Activity
Excluding all pictures, please output the listing exactly.

Stored data

#####

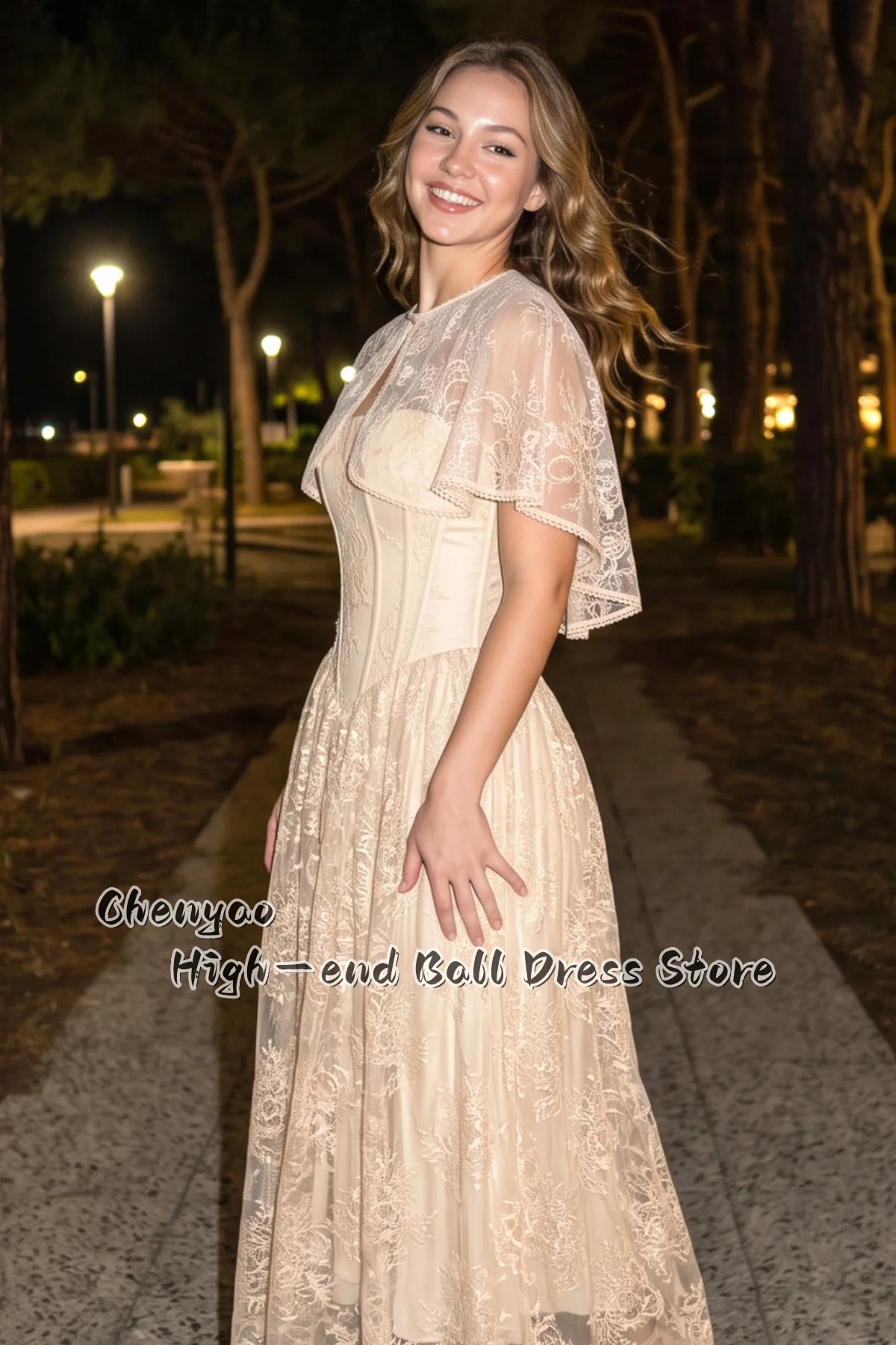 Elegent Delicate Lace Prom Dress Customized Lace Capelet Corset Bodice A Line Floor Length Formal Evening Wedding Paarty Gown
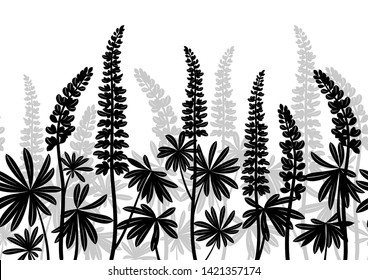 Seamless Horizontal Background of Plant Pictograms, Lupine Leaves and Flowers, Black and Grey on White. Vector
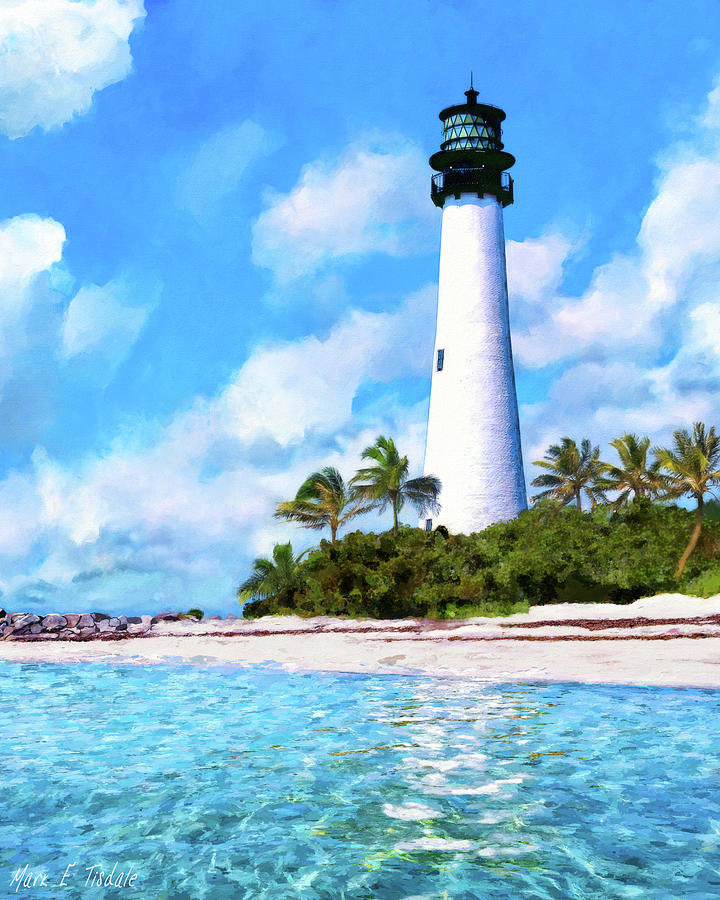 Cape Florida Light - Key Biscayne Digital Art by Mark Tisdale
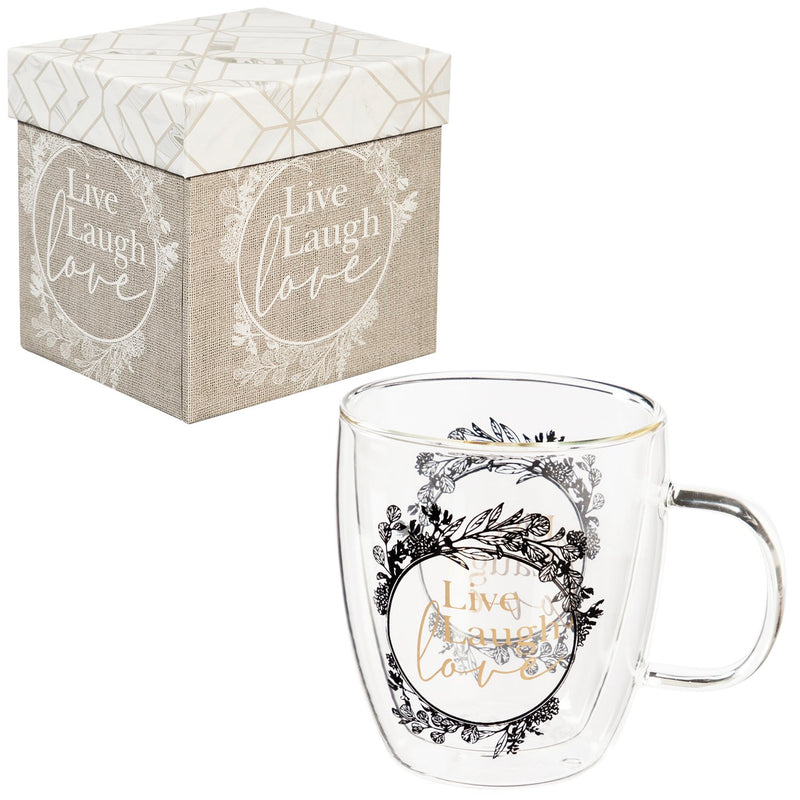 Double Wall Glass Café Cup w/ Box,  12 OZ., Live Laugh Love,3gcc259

#####

Task solution
 Elegent Delicate Lace Prom Dress Customized Lace Capelet Corset Bodice A Line Floor Length Formal Evening Wedding Paarty Gown
 Seamless Horizontal Background of Plant Pictograms, Lupine Leaves and Flowers, Black and Grey on White. Vector
 Cape Florida Light - Key Biscayne Digital Art by Mark Tisdale
 Double Wall Glass Café Cup w/ Box,  12 OZ., Live Laugh Love,3gcc259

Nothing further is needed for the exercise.